The Data SGP Toolkit
The term “big data” is often used to refer to datasets that are too large for traditional analytical applications. In comparison the size of SGP data sets is relatively small; by a number of measures they are substantially smaller than even the data generated by Facebook interactions. Nevertheless, assembling and managing this data is challenging. The data sgp project offers a set of tools to address this challenge.
The data sgp toolkit provides an efficient means of organizing longitudinal (time dependent) student assessment data into statistical growth plots. The toolkit includes support for two common formats of this data: WIDE and LONG. WIDE data is formatted so that each case/row represents a single student while LONG data spreads time-dependent variables across multiple rows per student. The toolkit also supports access to state specific data in embedded sgpstateData meta-data.
The toolkit provides a simple user interface for displaying the resulting growth plots. The UI allows users to select the student and teacher for whom they wish to view plots, as well as the prior and current year(s) for which the plots are being generated. A summary of the results is then displayed. The results can then be downloaded in a variety of formats, including HTML, PDF and Excel files.

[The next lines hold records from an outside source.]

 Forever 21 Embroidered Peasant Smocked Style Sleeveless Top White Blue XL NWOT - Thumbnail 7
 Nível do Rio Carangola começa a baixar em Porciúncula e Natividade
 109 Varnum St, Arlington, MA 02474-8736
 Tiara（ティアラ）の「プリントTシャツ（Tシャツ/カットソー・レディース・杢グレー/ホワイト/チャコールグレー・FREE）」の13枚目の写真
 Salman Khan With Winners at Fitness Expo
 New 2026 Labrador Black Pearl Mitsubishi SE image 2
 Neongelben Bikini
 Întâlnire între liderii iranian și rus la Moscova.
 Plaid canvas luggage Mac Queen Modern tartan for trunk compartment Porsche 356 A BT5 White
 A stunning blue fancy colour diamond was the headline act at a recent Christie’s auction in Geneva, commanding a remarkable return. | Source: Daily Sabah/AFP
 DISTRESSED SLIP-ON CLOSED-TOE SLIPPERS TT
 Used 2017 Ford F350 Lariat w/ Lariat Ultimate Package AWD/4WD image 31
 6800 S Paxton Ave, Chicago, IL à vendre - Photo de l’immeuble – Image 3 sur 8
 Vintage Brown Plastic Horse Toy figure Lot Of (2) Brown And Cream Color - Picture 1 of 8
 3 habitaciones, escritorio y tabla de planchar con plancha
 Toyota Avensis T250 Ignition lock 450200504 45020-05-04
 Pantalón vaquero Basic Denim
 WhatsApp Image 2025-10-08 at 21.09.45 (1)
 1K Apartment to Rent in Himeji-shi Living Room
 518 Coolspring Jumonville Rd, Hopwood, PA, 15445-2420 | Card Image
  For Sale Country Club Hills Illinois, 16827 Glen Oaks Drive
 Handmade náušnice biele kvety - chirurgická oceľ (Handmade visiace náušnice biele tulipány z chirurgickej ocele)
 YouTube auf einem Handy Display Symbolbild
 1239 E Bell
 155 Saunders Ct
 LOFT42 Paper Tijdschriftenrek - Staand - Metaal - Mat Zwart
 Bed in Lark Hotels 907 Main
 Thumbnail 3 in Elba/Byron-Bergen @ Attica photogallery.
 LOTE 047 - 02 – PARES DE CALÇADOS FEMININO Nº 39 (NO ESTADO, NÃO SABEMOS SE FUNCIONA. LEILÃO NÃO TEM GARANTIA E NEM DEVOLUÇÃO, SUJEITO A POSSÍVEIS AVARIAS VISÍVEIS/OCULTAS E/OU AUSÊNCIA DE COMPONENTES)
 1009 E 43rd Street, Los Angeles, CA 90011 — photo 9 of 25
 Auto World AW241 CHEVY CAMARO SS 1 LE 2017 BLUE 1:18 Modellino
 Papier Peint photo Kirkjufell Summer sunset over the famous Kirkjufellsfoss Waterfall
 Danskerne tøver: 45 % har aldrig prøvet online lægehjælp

A graphical display of the error variance is also available to assist in understanding the uncertainty associated with individual estimates of SGPs. The displayed variance is a function of the reliability l selected for the estimate and the number of observations used in its calculation.
This display illustrates that the variance in estimated SGPs increases as a function of the amount of time over which the estimates are made. This is a property of the maximum likelihood estimation methodology employed to estimate these estimates. However, it also indicates that the uncertainty in estimated SGPs is substantially lower when a value-added model is used to estimate these estimates.
Our analyses indicate that aggregated estimates of SGPs contain a substantial source of variance due to individual-level relationships between student characteristics and true SGPs. This source of variance is likely to make it difficult for teachers to interpret aggregated SGPs as a measure of teacher effectiveness. This is an additional reason for our preference for value-added models that regress both prior and current test scores on teacher fixed effects and student background variables.
SGP estimates are based on the difference between a student’s scale score on a statewide assessment in one year and the student’s scale score on that same assessment in the subsequent year. These estimates are then compared to the state average in order to identify students who have made the greatest improvement. A typical example is a sixth grader who achieves a scale score of 370 this year on the Wisconsin Forward Exam, indicating that the student improved by 70 points in English language arts compared to their performance last year on the Badger exam.